[SUPPLIED DATA Boundary: Start]

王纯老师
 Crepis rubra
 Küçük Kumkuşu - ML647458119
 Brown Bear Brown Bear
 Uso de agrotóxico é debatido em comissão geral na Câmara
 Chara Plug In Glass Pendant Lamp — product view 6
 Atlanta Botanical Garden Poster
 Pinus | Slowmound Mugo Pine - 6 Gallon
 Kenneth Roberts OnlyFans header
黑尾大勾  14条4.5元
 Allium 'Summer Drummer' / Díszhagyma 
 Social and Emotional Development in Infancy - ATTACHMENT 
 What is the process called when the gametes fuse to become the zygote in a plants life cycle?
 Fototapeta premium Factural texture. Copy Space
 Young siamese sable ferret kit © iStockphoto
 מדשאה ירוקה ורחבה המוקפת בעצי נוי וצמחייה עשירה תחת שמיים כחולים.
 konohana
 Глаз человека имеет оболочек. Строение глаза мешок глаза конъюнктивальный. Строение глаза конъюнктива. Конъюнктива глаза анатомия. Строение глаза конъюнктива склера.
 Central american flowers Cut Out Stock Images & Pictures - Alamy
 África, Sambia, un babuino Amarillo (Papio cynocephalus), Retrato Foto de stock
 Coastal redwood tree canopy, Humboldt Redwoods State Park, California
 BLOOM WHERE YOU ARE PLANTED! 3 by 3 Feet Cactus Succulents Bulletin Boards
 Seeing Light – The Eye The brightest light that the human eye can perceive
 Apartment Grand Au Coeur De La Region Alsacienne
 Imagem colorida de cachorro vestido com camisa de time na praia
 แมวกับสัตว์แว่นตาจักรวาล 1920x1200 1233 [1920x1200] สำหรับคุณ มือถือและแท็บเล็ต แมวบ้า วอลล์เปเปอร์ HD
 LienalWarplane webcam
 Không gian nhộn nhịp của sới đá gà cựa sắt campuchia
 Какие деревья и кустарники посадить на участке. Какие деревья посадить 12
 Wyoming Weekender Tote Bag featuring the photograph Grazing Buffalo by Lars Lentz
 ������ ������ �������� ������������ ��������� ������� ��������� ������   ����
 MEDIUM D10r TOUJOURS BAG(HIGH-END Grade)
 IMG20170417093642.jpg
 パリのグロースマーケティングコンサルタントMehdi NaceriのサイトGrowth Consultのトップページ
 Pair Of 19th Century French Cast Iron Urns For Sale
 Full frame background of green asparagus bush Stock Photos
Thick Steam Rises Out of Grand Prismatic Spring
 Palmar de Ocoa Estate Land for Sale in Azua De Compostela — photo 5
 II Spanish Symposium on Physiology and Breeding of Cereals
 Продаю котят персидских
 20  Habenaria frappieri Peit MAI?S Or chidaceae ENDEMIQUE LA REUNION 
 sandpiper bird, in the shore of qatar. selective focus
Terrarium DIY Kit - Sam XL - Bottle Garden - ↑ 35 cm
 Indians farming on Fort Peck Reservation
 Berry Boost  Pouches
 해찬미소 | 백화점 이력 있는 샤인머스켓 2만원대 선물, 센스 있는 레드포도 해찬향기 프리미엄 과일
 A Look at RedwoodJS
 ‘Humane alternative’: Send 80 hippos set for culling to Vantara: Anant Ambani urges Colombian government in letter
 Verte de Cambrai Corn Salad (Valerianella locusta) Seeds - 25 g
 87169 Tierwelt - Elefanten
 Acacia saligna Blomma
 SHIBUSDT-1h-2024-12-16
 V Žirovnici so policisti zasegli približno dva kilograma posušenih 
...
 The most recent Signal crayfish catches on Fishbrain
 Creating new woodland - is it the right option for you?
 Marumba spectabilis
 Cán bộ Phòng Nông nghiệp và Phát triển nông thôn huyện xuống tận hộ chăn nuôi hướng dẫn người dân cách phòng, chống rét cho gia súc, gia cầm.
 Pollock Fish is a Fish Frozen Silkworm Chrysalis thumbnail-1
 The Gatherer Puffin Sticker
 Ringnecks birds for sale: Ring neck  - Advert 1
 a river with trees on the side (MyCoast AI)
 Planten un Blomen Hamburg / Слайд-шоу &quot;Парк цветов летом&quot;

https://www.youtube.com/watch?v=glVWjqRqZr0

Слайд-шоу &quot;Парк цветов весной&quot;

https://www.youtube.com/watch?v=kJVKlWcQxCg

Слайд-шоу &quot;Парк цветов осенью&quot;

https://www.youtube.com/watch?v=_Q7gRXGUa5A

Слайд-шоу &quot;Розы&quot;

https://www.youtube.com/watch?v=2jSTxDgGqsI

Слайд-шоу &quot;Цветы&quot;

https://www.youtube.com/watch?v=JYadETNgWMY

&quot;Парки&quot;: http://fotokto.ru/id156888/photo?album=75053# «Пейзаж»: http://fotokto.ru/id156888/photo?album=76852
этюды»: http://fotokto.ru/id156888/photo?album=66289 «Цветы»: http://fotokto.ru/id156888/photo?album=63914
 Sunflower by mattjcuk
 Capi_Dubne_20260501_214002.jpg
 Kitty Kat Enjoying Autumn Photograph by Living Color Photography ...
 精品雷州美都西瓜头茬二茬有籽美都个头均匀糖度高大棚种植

[SUPPLIED DATA Boundary: End]

- **EXERCISE REQUIREMENTS**
From the data, work out how many lines include the word "Слайд"; the reply is that number and nothing else.

- **OUTPUT BELOW**
5